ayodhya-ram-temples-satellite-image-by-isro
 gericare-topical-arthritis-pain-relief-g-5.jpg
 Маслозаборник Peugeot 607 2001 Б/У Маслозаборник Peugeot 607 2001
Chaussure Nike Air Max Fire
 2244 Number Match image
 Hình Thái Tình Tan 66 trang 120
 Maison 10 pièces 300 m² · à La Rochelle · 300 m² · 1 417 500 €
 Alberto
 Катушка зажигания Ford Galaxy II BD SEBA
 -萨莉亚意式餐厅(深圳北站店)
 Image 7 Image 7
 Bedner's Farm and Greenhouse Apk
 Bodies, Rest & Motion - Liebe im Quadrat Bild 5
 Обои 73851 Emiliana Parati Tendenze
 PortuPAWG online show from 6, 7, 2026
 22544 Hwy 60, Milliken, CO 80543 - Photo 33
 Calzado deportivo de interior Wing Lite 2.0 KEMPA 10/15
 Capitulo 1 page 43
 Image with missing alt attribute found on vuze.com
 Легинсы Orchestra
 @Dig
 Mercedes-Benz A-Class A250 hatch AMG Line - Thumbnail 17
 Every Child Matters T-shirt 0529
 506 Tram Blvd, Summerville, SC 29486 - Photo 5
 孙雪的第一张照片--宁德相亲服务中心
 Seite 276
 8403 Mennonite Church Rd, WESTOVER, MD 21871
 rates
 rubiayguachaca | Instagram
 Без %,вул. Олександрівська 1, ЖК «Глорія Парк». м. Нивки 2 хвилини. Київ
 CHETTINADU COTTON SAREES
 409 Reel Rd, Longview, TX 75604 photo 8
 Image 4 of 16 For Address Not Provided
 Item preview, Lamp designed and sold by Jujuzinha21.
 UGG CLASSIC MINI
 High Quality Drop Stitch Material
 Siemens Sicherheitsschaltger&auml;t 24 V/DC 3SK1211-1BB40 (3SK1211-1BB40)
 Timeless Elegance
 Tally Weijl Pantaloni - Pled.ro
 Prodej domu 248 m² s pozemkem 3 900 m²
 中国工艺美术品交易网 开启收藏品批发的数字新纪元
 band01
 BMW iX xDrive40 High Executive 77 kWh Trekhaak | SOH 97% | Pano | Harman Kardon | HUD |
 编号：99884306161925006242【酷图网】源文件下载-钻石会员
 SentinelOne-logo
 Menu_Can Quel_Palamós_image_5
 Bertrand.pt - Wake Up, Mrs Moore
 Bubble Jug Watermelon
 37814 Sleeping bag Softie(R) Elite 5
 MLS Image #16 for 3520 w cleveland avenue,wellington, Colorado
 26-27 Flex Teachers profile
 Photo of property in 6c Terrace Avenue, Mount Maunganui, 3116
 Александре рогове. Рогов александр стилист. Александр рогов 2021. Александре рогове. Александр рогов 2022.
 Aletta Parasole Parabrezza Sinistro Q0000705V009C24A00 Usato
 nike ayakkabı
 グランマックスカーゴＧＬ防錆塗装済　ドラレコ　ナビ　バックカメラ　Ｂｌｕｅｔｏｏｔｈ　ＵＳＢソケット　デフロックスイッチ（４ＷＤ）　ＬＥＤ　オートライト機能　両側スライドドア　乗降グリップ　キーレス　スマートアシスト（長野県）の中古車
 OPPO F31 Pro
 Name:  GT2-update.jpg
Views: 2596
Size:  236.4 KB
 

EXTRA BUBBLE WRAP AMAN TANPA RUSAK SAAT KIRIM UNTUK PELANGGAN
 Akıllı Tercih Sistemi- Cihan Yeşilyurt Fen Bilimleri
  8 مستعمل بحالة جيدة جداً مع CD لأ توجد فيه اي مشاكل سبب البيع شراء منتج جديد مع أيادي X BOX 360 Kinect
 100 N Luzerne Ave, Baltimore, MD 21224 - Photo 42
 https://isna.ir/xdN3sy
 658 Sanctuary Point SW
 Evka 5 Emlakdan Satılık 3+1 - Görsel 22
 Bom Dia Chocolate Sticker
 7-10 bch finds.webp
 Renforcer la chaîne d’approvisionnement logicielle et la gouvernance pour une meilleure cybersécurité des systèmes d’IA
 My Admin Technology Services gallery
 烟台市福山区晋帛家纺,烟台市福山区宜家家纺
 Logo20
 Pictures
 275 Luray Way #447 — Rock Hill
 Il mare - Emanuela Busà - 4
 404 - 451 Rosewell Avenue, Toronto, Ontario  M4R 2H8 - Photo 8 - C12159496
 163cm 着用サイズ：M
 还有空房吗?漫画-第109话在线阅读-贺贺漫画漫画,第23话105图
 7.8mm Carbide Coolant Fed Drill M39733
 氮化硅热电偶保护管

________

### Instructions for the task
Looking at the material above, please copy exactly every line from its first line through the line containing "506 Tram Blvd, Summerville, SC", with both ends included and nothing else.

### Answer box
ayodhya-ram-temples-satellite-image-by-isro
 gericare-topical-arthritis-pain-relief-g-5.jpg
 Маслозаборник Peugeot 607 2001 Б/У Маслозаборник Peugeot 607 2001
Chaussure Nike Air Max Fire
 2244 Number Match image
 Hình Thái Tình Tan 66 trang 120
 Maison 10 pièces 300 m² · à La Rochelle · 300 m² · 1 417 500 €
 Alberto
 Катушка зажигания Ford Galaxy II BD SEBA
 -萨莉亚意式餐厅(深圳北站店)
 Image 7 Image 7
 Bedner's Farm and Greenhouse Apk
 Bodies, Rest & Motion - Liebe im Quadrat Bild 5
 Обои 73851 Emiliana Parati Tendenze
 PortuPAWG online show from 6, 7, 2026
 22544 Hwy 60, Milliken, CO 80543 - Photo 33
 Calzado deportivo de interior Wing Lite 2.0 KEMPA 10/15
 Capitulo 1 page 43
 Image with missing alt attribute found on vuze.com
 Легинсы Orchestra
 @Dig
 Mercedes-Benz A-Class A250 hatch AMG Line - Thumbnail 17
 Every Child Matters T-shirt 0529
 506 Tram Blvd, Summerville, SC 29486 - Photo 5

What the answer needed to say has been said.